» Exercise directions
In the answer, transcribe exactly the lines from the beginning of the material through the line holding "(sunny mid-morning lighting), megacity, megalopolis", and skip every picture.

» Available data
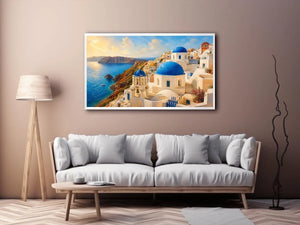 Santorini's sunlit cliffside village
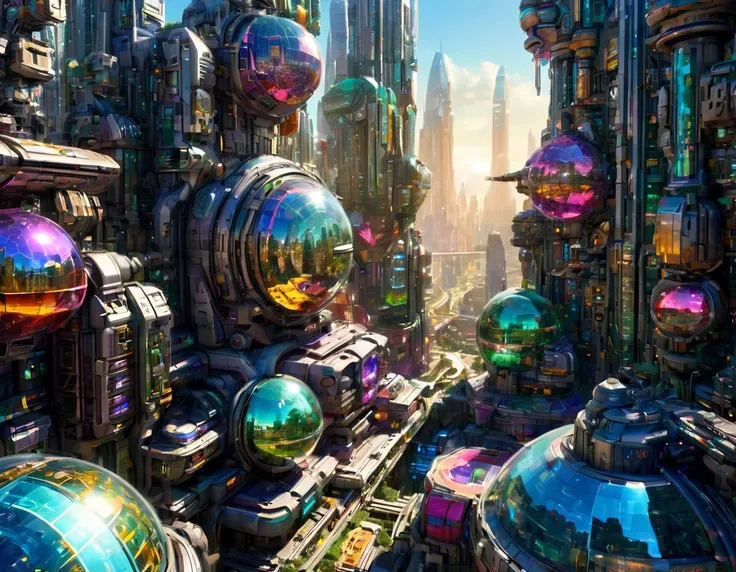 (sunny mid-morning lighting), megacity, megalopolis of an imaginary world of science fiction , parecido a una disneylandia futur...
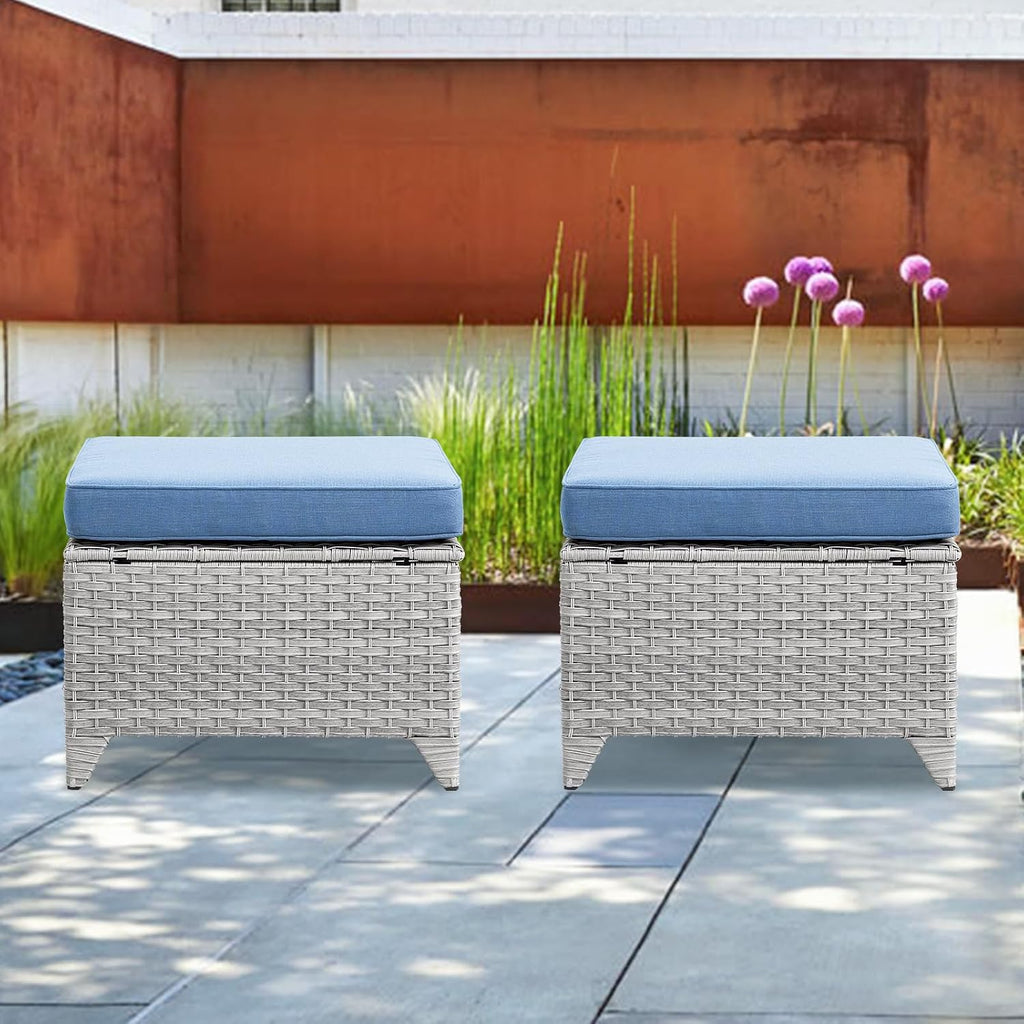 Wicker Outdoor Ottomans Set of 2 - Handwoven Rattan Outdoor Footrests for Patio, All Weather Footstools with Removable Cushions for Porch, Balcony, Deck & Garden - Light Gray/Baby Blue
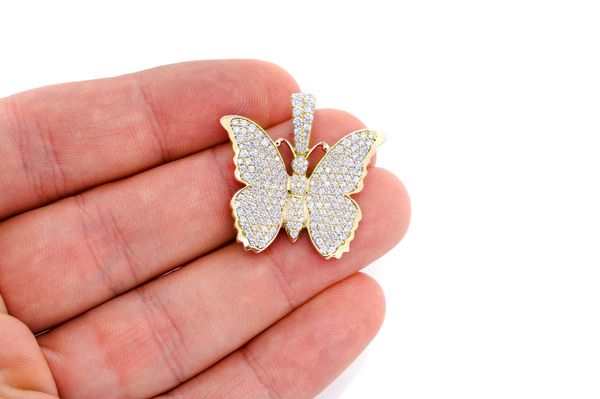 Butterfly Diamond Pendant 14k Solid Gold 2.25ctw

» Answer area
 Santorini's sunlit cliffside village
 (sunny mid-morning lighting), megacity, megalopolis of an imaginary world of science fiction , parecido a una disneylandia futur...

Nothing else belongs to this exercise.